RS Sagittarii is an eclipsing binary star system in the southern constellation of Sagittarius, abbreviated RS Sgr. It is a double-lined spectroscopic binary with an orbital period of 2.416 days, indicating that the components are too close to each other to be individually resolved. The system has a combined apparent visual magnitude of 6.01, which is bright enough to be faintly visible to the naked eye. During the primary eclipse the brightness drops to magnitude 6.97, while the secondary eclipse is of magnitude 6.28. The distance to this system is approximately 1,420 light years based on parallax measurements.

The variability of this system was initially suspected by B. A. Gould in 1879, then confirmed by A. W. Roberts in 1895. Roberts determined this to be an Algol-type variable with a period of 2.416 days. In his 1915 study of eclipsing binaries, H. Shapley listed a low orbital eccentricity of 0.091 for this binary system. He considered both eclipses to be partial, but only after correcting for limb darkening. R. S. Dugan and F. W. Wright in 1939 discovered evidence that suggested the period is varying.

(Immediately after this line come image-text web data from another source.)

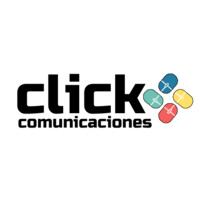 Click Comunicaciones logo, Click Comunicaciones contact details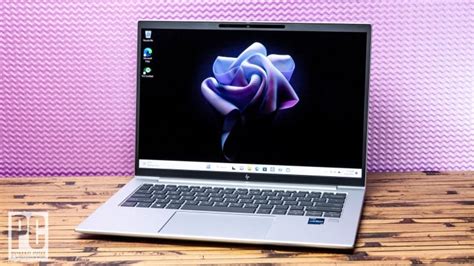 HP EliteBook 840 G9 Review | PCMag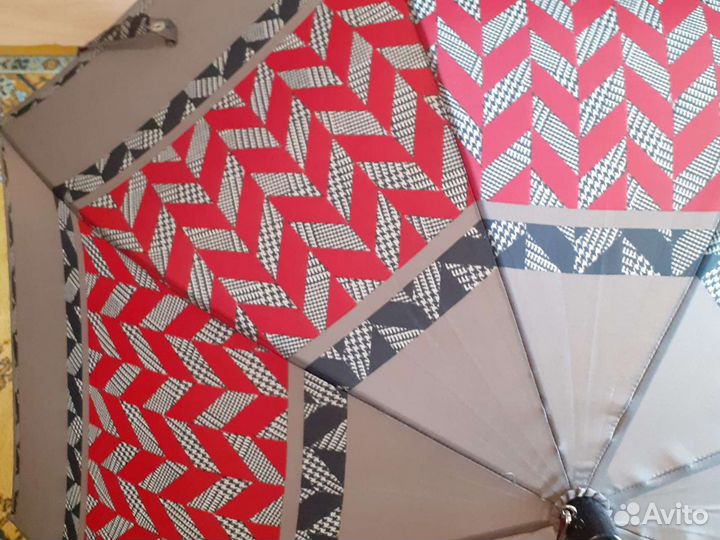 Зонт трость kobold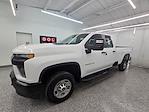 Used 2020 Chevrolet Silverado 2500 Work Truck Double Cab for sale #16573 - photo 4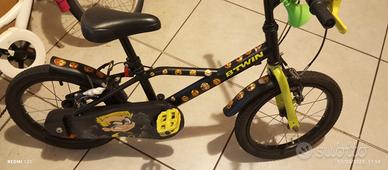 bici per bimbo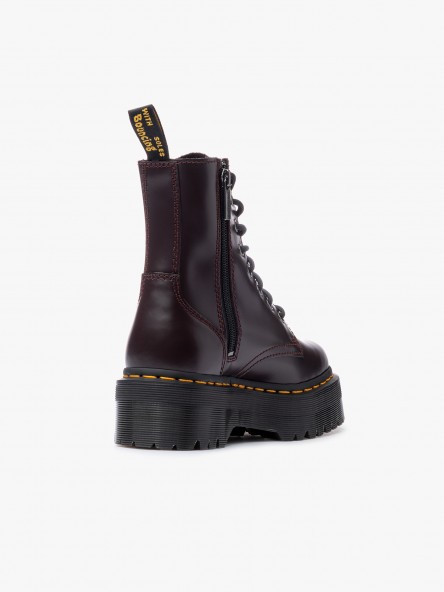 Dr.Martens Jadon Platform W Dr.Martens Jadon Platform W
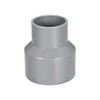 QUARKZMAN 75 mm x 50 mm PVC Reduction Coupling x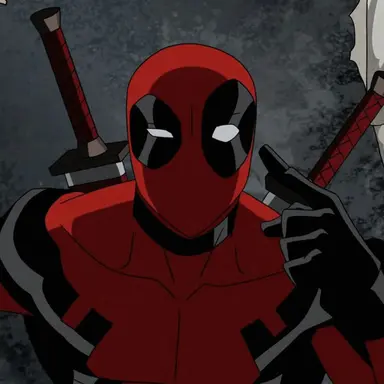 Profile image of Deadpool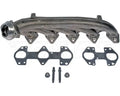 EXHAUST MANIFOLD KIT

R. L. Baglow in 1948 found an essentially circular orbit with a primary component of spectral class B5. By 1986, O. E. Ferrer and J. Sahade were able to extract spectral information about the secondary component, finding the system consists of ordinary main sequence stars of classes B5V and A2V. Hydrogen alpha emission lines suggested that the stars are interacting. The system appears to be semidetached, and may have already undergone a mass exchange phase.

The primary component of the system is the more massive of the pair, having 7.18 times the mass of the Sun compared to 2.41 times the Sun's mass for the secondary member. The primary is the larger star, with 5.11 times the Sun's radius while the secondary has 2.41 solar radii. The pair are separated by about 16 times the radius of the Sun. The primary is radiating 1,350 times the Sun's luminosity from its photosphere at an effective temperature of 15,480 K. The cooler secondary is 8,760 K and radiates 89.1 times the luminosity of the Sun.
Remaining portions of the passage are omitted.